High light inhibits chlorophyll biosynthesis at the level of 5-aminolevulinate synthesis during de-etiolation in cucumber (Cucumis sativus) cotyledons.

Using the vascular plant Cucumis sativus (cucumber) as a model, we studied the effects of high (intense and excess) light upon chlorophyll biosynthesis during de-etiolation. When illuminated with high light (1500-1600 microE/m2/s), etiolated cucumber cotyledons failed to synthesize chlorophyll entirely. However, upon transfer to low light conditions (40-45 microE/m2/s), chlorophyll biosynthesis and subsequent accumulation resumed following an initial 2-12 h delay. Duration of high light treatment negatively correlated with chlorophyll biosynthetic activity.

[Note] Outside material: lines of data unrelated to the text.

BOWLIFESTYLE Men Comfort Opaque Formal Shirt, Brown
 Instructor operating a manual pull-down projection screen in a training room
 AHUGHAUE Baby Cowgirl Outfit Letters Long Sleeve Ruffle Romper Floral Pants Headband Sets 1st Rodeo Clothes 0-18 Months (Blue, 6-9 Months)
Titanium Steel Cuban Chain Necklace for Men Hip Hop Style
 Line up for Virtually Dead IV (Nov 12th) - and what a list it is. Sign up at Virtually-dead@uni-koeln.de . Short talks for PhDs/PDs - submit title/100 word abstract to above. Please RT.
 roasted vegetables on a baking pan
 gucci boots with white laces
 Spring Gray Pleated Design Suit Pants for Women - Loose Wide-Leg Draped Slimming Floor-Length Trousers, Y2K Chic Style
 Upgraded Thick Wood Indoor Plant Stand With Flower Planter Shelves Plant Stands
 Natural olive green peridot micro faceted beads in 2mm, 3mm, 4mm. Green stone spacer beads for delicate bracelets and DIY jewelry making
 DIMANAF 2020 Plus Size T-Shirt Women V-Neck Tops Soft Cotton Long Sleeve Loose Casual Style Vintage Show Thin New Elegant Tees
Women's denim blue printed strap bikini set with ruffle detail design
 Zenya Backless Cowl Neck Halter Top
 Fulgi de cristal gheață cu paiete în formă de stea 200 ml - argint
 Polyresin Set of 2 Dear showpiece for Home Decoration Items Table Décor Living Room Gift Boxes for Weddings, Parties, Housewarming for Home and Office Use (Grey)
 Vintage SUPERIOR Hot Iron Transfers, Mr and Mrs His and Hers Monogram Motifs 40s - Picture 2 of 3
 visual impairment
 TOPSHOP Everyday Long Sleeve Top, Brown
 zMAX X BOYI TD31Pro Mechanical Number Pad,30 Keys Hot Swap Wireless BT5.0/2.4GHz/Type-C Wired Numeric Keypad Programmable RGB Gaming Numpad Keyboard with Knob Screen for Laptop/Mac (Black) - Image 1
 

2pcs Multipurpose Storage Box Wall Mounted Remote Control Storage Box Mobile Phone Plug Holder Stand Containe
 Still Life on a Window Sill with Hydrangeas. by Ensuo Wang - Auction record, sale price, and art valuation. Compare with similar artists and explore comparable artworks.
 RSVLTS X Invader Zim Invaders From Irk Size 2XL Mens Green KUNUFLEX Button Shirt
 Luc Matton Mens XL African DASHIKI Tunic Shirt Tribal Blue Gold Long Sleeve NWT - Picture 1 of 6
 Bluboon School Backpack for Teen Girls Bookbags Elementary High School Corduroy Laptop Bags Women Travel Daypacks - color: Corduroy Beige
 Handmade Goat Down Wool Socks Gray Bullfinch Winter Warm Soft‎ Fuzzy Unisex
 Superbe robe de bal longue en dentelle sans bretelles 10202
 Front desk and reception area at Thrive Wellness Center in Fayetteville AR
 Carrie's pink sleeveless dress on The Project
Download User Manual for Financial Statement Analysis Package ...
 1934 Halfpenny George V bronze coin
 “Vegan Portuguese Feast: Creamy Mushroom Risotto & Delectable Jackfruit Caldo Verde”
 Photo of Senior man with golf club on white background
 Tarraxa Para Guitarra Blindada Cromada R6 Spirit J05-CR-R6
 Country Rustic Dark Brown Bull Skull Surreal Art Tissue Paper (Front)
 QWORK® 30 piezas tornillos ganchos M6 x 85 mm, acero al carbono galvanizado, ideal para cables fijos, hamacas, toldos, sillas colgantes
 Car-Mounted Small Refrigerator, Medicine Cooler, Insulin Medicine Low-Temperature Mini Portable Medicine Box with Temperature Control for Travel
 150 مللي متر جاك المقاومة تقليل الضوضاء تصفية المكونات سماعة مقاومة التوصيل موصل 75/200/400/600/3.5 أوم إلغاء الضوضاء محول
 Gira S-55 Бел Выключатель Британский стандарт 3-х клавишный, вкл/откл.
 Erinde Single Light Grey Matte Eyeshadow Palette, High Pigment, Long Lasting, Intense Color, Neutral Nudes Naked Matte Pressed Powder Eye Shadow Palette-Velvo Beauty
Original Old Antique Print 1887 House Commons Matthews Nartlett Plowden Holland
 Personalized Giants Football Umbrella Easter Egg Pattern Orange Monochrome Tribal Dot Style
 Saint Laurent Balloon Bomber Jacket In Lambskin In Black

Specifically, we found that high light severely inhibited 5-aminolevulinic acid (ALA) synthesis. This effect partly could be because of the decrease in protein level of glutamyl-tRNA reductase (GluTR) observed. Protein level of glutamate-1-semialdehyde (GSA-AT) remained unchanged. It was also found that high light did not suppress HEMA 1 expression. Therefore, we speculated that this significant inhibition of ALA synthesis might have occurred mainly because of concomitant inactivation of GluTR and/or inhibition of complex formation between GluTR and GSA-AT. Our further observation that both methyl viologen and rose bengal similarly inhibit ALA synthesis under low light conditions suggested that reactive oxygen species (ROS) could be responsible for the inhibition of ALA synthesis in cotyledons exposed to high light conditions.